**Work to complete**. Restate exactly, and only, the lines from the one with "Zur Ratsschänke" through the end of the data, with both of those end lines kept. Drop any pictures.
Provided material Block Start
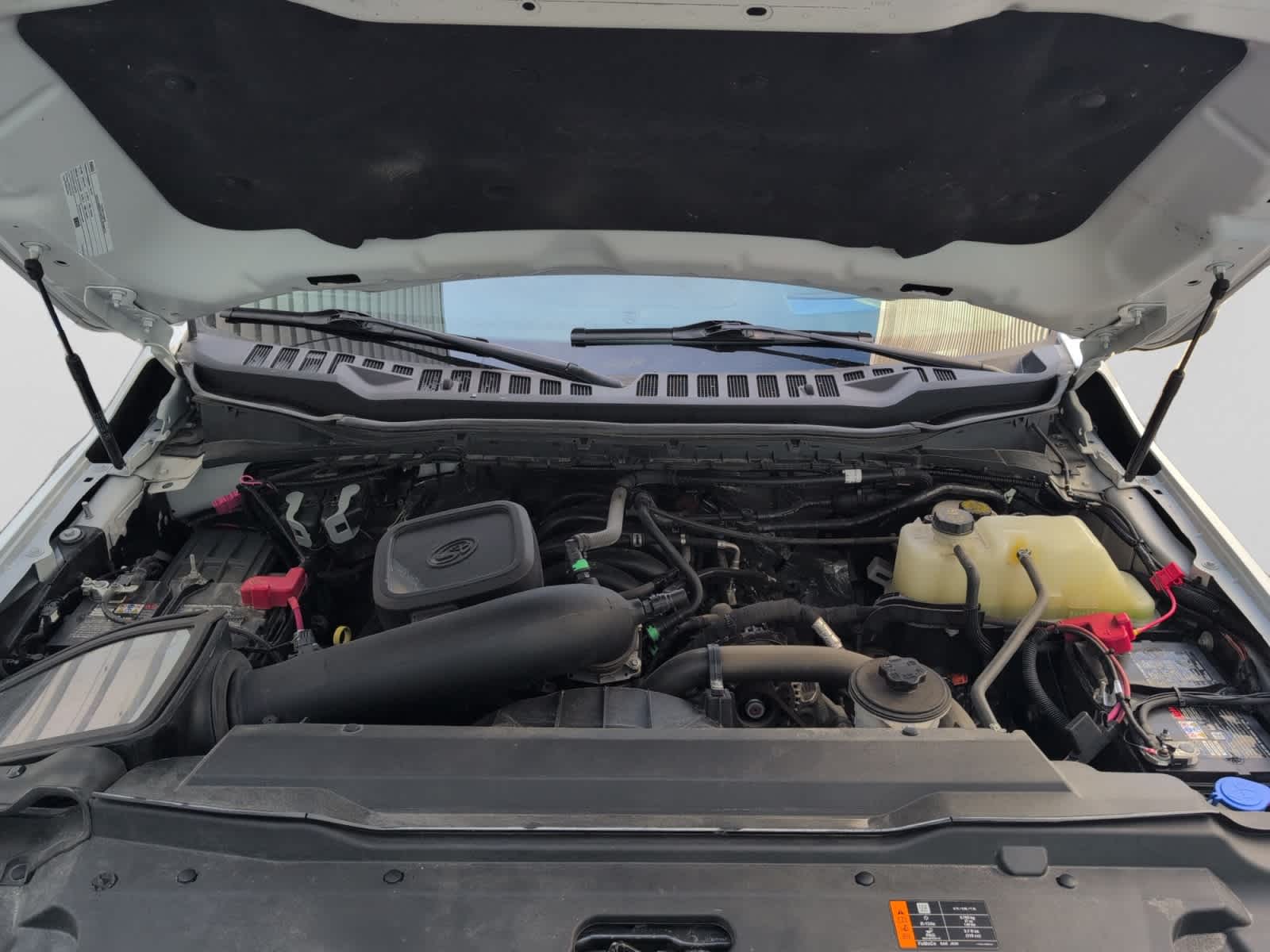 used 2023 Ford F-350 car, priced at $67,497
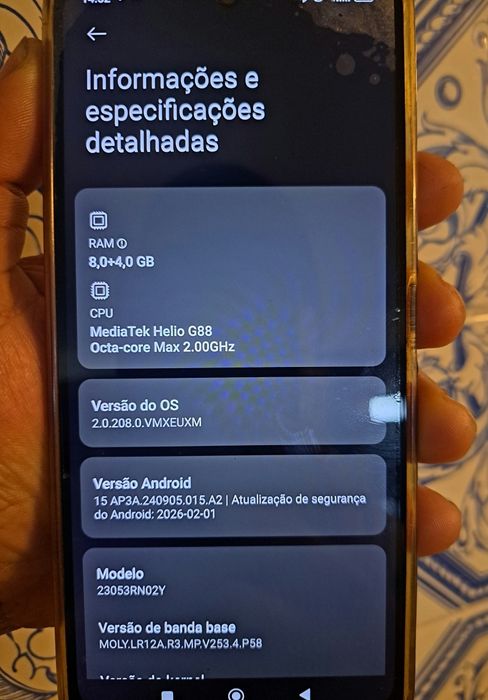Redmi 12 250 Gb.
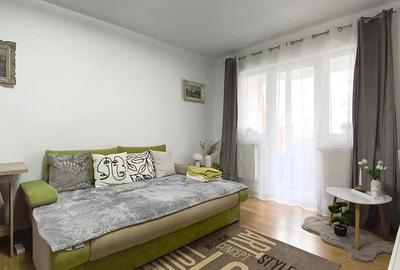 Apartament cu 2 camere decomandat în Piața Centrală - 14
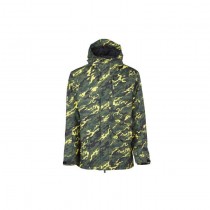 Куртка BonFire Vector Jacket Insulated 19/20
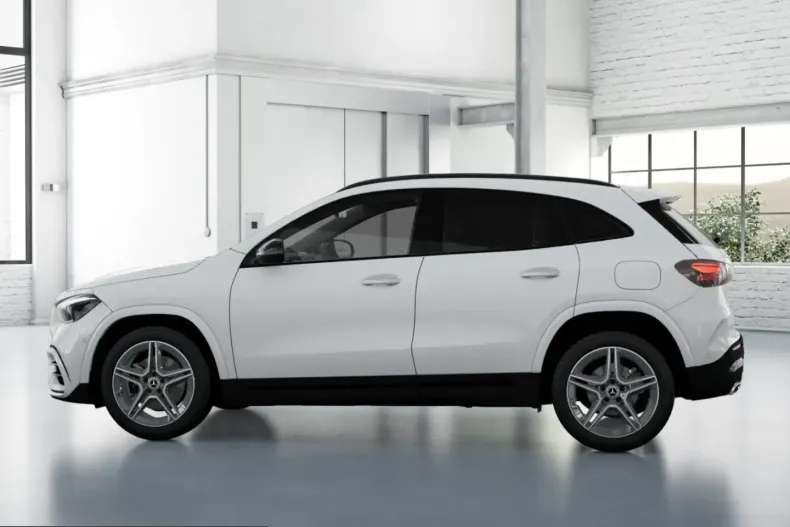 Mercedes-Benz GLA 200 (Clasa GLA) din 2025 cu 20.000 km - oferta MER229575 - foto 10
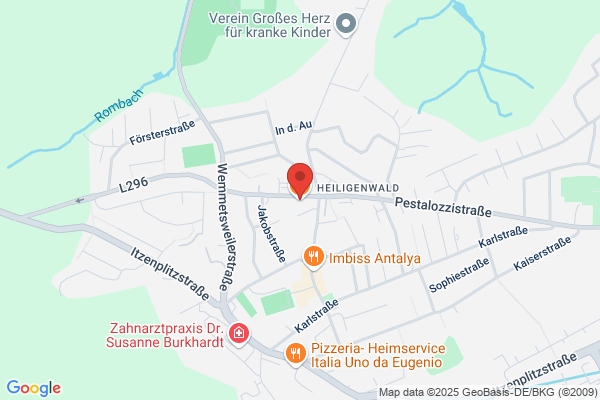Zur Ratsschänke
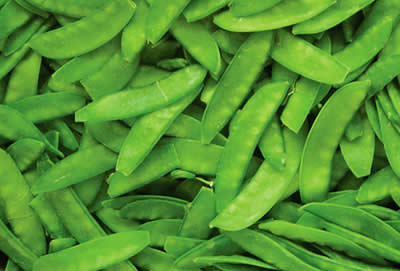 Frozen Sugar Snap Peas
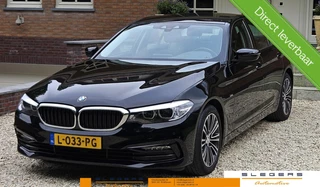 BMW 5-serie 520i High Executive M  Sport  lLine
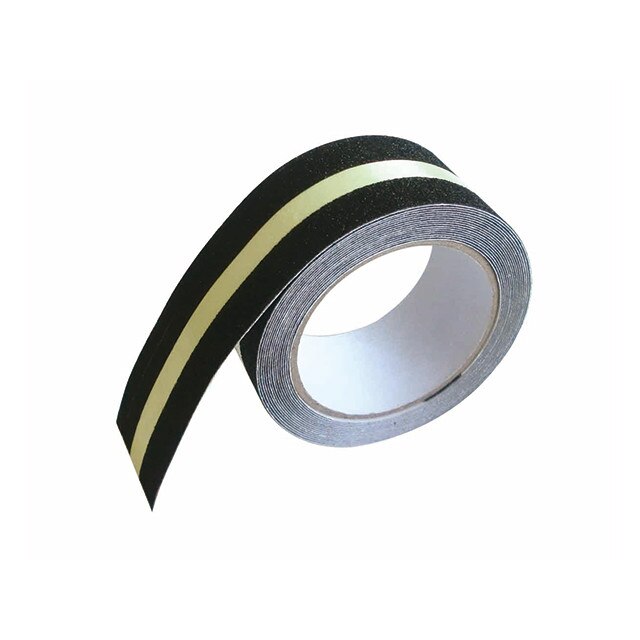 Banda antiderapare cu dunga fosforescenta ST-16/5M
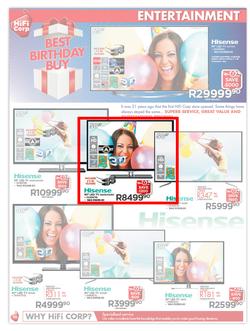HiFi Corp : Happy Birthday HiFi Corp (2 Oct - 5 Oct 2014), page 10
Provided material Block End
**Task result**.
Zur Ratsschänke
 Frozen Sugar Snap Peas
 BMW 5-serie 520i High Executive M  Sport  lLine
 Banda antiderapare cu dunga fosforescenta ST-16/5M
HiFi Corp : Happy Birthday HiFi Corp (2 Oct - 5 Oct 2014), page 10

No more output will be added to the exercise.